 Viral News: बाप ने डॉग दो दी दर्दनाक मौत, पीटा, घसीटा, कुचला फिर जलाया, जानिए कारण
—————
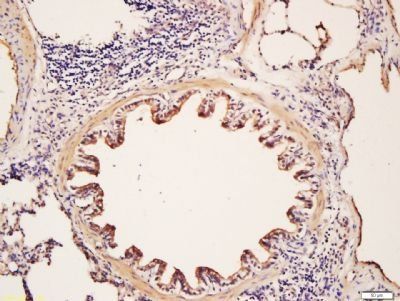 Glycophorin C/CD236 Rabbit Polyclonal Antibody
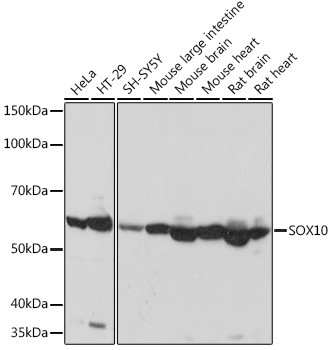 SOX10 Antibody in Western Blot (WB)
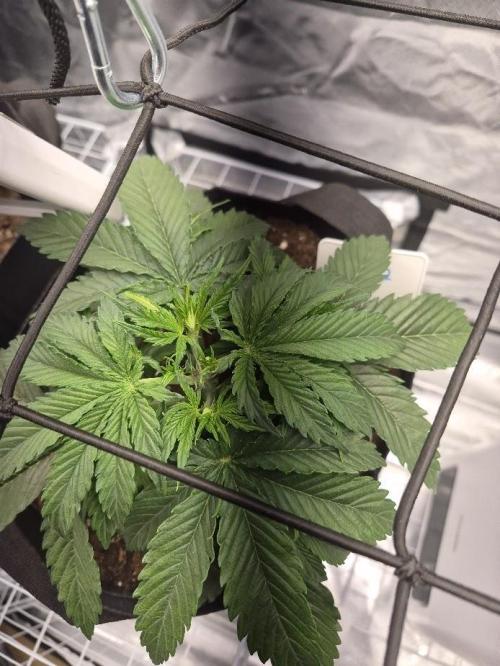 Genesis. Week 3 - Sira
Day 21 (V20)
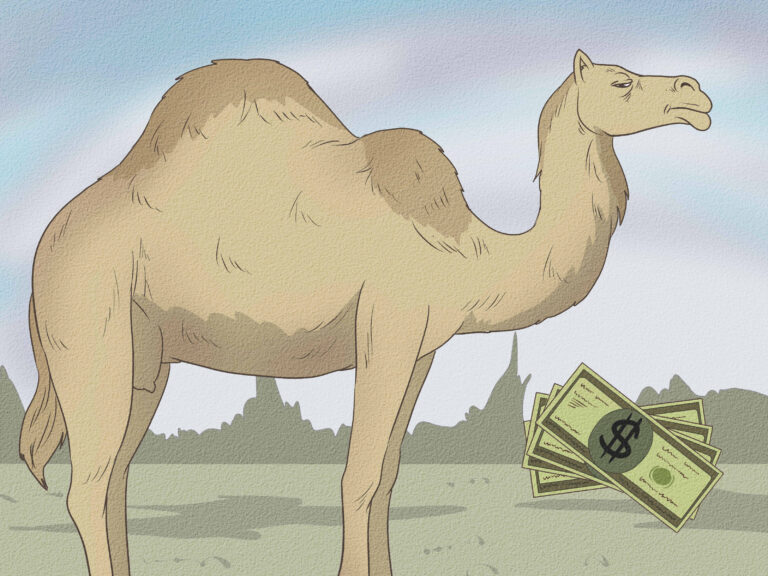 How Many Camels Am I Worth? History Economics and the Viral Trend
—————
Please repeat, exactly as written, the lines in the records above, starting with the one that has "Day 21 (V20)" and going on through the one that has "How Many Camels". Pictures are to be left out.

Day 21 (V20)
 How Many Camels Am I Worth? History Economics and the Viral Trend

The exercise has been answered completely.